INDIANAPOLIS -- Indiana is one of only five states in the country that does not have any type of hate crime laws on the books, and it will stay that way for at least another year.
The latest attempt at hate crime legislation died in the Indiana State Senate Tuesday morning.
“In the end, we were unable to come to a consensus on how to approach this issue," Senate President Pro Tempore David Long said. "Some members felt that making a list in Indiana code would inevitably leave someone off, some felt the bill was fine as it was, and some felt that Indiana code already allows the aggravator concept to apply in a bias-crime situation, which is true.
Marion County Prosecutor Terry Curry was in favor of the legislation, saying it would allow his office to seek higher penalties for hate-motivated acts.
"I am exceedingly disappointed that the legislature has again failed to act on a hate crimes bill. Hate motivated crimes will continue to occur in our state. How we collectively identify and address those crimes should be clear and direct.
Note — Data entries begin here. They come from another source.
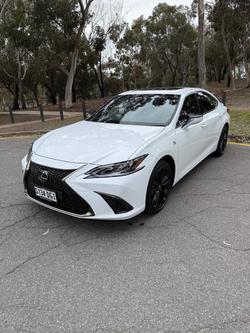2024 Lexus
ES 300h F Sport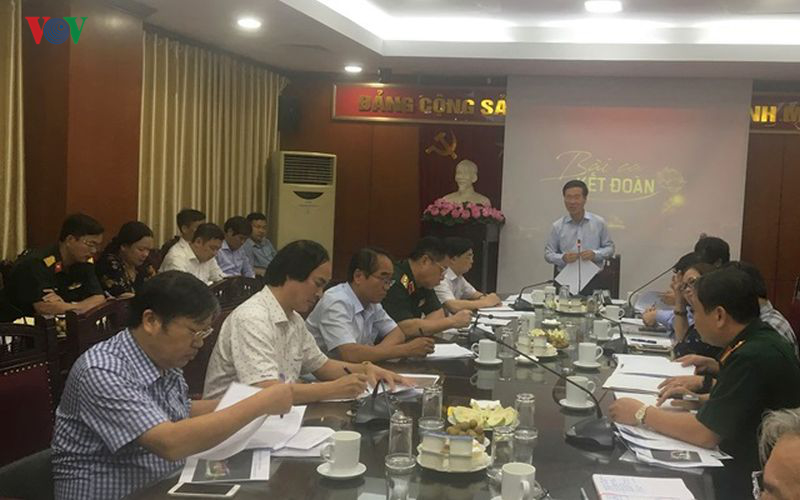 Ông Võ Văn Thưởng phát biểu kết luận cuộc họp về công tác chuẩn bị tổ chức cầu truyền hình 50 năm thực hiện Di chúc Chủ tịch Hồ Chí Minh.
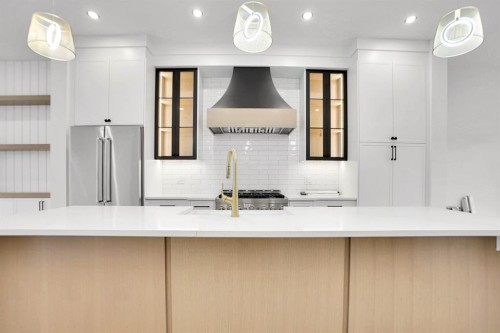 8528 47 Avenue Nw, Calgary, AB - Indoor Photo Showing Kitchen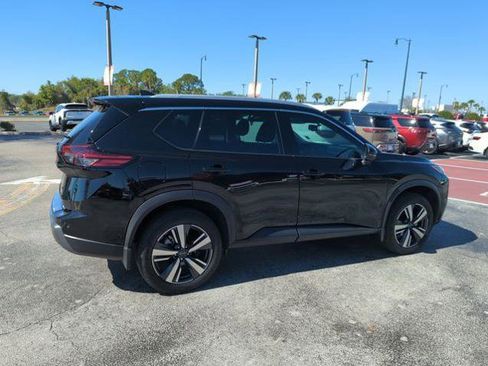 Certified 2024 Nissan Rogue SL FWD image 5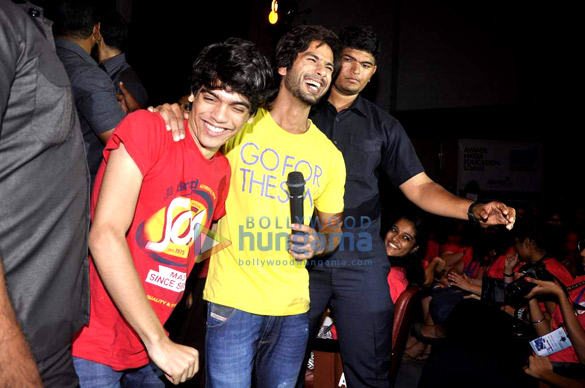 shahid kapoor at sophia colleges kaleidoscope 2013 festival 13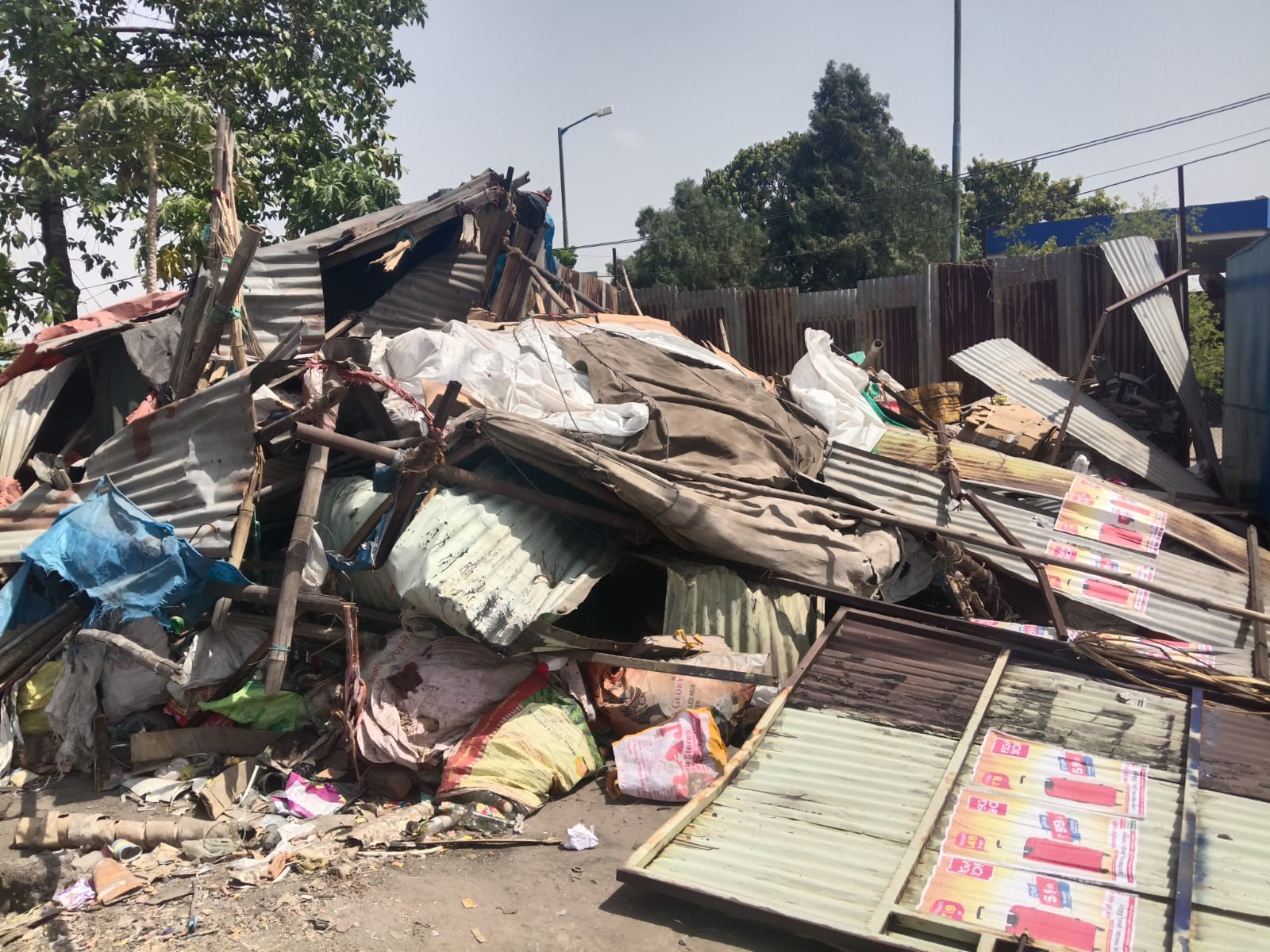 अवैध कबाड़ कारोबार पर चला बुलडोजर, चार दुकानें सील, 27 रिक्शे जब्त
We will not tolerate the targeting of fellow individuals due to their race, religion, sexual orientation, or other characteristic," said Curry.
Also in favor of the bill was La'Kysha Gardner, who is convinced her 15-year-old son was attacked and left for dead because of his race.
The mother of six said it wasn't long after she had moved her family to the Fort Wayne area from Illinois that another boy started threatening her son.
"Every name in the book he called him," Gardner said. "He called him the N-word and told him to go back to Africa or his mother would be next."
Gardener said her son was attacked on June 5 in their mobile home community.
"My son almost lost his life, all because we're African-American and we're from the wrong community," she said.